Perry points out that this contradicts President Trump’s claim that other countries are beating us economically:
When we hear from The Donald about how he wants to “make America great again,” because “we don’t win any more,” and about how “we don’t beat China or Japan in trade” and how those countries “kill us” in trade. When The Donald tells us that Mexico is “beating us economically” and “laughing at us,” maybe we should remind him that Mexico and China, as US states, would both be far below our poorest state — Mississippi — by 51% and 62% respectively for GDP per capita; and Japan would be barely above our poorest state — Mississippi. Using GDP per capita as a measure of both economic output per person and of a country’s standard of living, America is winning quite handsomely.
While Perry makes an interesting point here, it’s also worth noting that his analysis has its flaws.

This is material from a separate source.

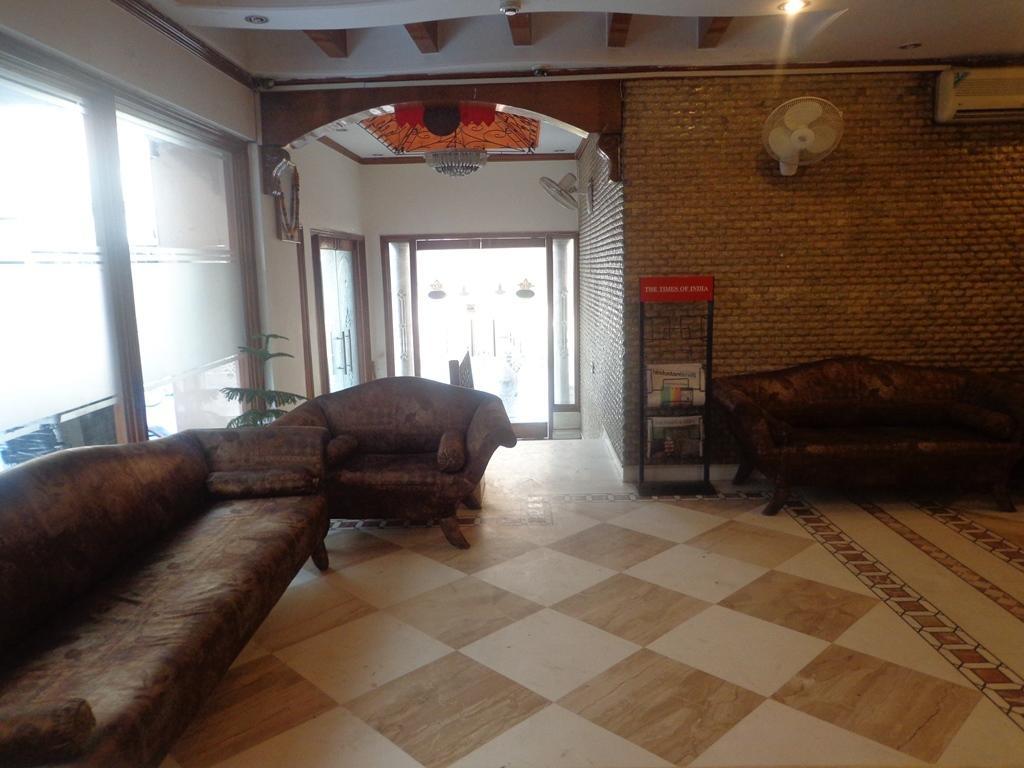 Metro Hotel 2*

For example, he omits a lot of countries with higher per capita GDP than that of the U.S., including Ireland, Norway, Switzerland, Hong Kong, and several small Arab states. For a more complete list of countries see this Wikipedia article.
He points out in passing that coal, oil, and natural gas production are big factors in the GDPs of some states, but, as one might expect from someone at the American Enterprise Institute, he ignores their negative impacts, which are not just environmental but economic as well.
Also, as noted above, Perry uses per capita GDP as a measure of how well people are doing. That’s potentially very misleading, because wealth and income are distributed differently in different countries. If a multibillionaire happens to move in down the street and your neighborhood isn’t already full of them, your neighborhood’s average wealth is going to take an impressive jump, even if the rest of you are no better off.
So a more meaningful number might be the median income. By definition, half the population make more than the median and half make less. You can find a comparison on that basis here. This is derived from a survey conducted by Gallop in 2013, which isn’t a perfect way to estimate median income. But assuming those numbers are roughly right, the U.S. still looks pretty good: We’re in sixth place in both income per household and income per resident. However, the comparison takes into account only gross income and ignores both taxes and public benefits. Here in the United States we pay a lot more per person for medical care, for example, though by measured outcomes our medical care is in keeping with that of other developed countries.
Income in the U.S. is of course also more skewed toward the rich than in a lot of other developed countries, and the concentration is also growing relatively faster here. More on that in a later post.
Here, by the way, is another comparison by Mark Perry showing U.S. states matched with foreign countries with similar GDPs in 2017. California’s GDP, for example, is similar to, in fact a little bigger than, the United Kingdom’s. That’s despite the fact that UK the has about 75 percent more workers.
(Updated 2018 August 7 to more clearly emphasize that GDP reflects economic productivity rather than the income of individual workers.)